Io lo sapevo ed ero orgogliosa di lui.
Lui era anche uno staffettista della Brigata partigiana delle Fiamme Verdi “Valbrembo”, capeggiata da don Antonio Milesi.
Don Antonio era il curato di Villa d’Almè, nome di battaglia di “Dami”.
Fu lui quel giorno che diede ad Angelo e a Emanuele Quarti l’incarico di consegnare alcuni ordini agli uomini della “Valbrembo” accampati sul monte Ubione.
Ma quando arrivarono all’altezza di Capizzone…
Vennero sorpresi delle truppe fasciste della 612° Compagnia O.P. del Resmini.
E qui inizia il mio racconto.
E’ vero, ho trovato la forza di raccontare quel giorno solo pochi anni fa.
La gente deve sapere.
Non si può dimenticare. Non si deve dimenticare.
“Quando è arrivato nel bosco sopra Capizzone con uno zaino sulle spalle lo hanno visto i repubblicani e gli hanno sparato: lo hanno colpito ad una spalla. Lo hanno raggiunto e ha detto loro che era in giro per legna. […] lo hanno lasciato libero, quando arrivò un ex partigiano”
"Disse ai repubblicani che Angelo era un portaordini del “Dami” e che bisognava farlo fuori. Hanno spinto Angelo sul colle e lo hanno legato ad un albero, gli hanno cavato gli occhi, gli hanno strappato le unghie per farlo parlare. La donna della cascina lo sentiva urlare”.

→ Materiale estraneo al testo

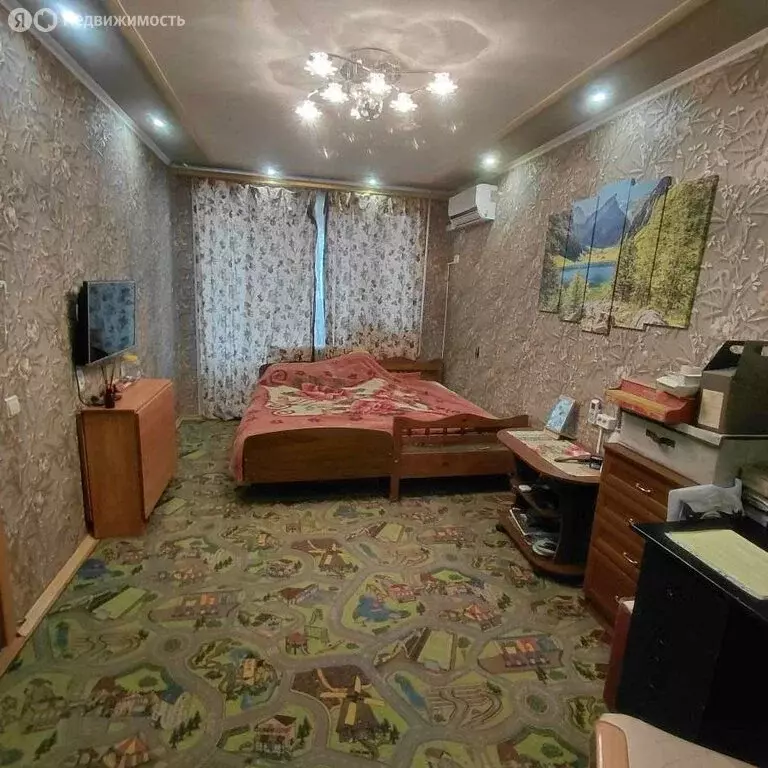1-комнатная квартира: Воронеж, улица Урицкого, 66А (37.9 м) - Фото 2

“Ma l’Angelo non parlò per non tradire i suoi compagni. Alla fine lo hanno colpito con sette pallottole nella schiena, hanno tagliato la corda con la quale lo avevano legato e l’Angelo cadde in avanti: lo abbiamo trovato così il giorno dopo, in una pozza di sangue”
"Era stato Cesco, il fratello minore di Angelo a dirmi: vieni andiamo a vedere l’Angelo che è stato ferito. Siamo arrivati in bicicletta fino a Capizzone.
Siamo arrivati al colle e lo abbiamo visto in quello stato. Io mi sono sentita male”.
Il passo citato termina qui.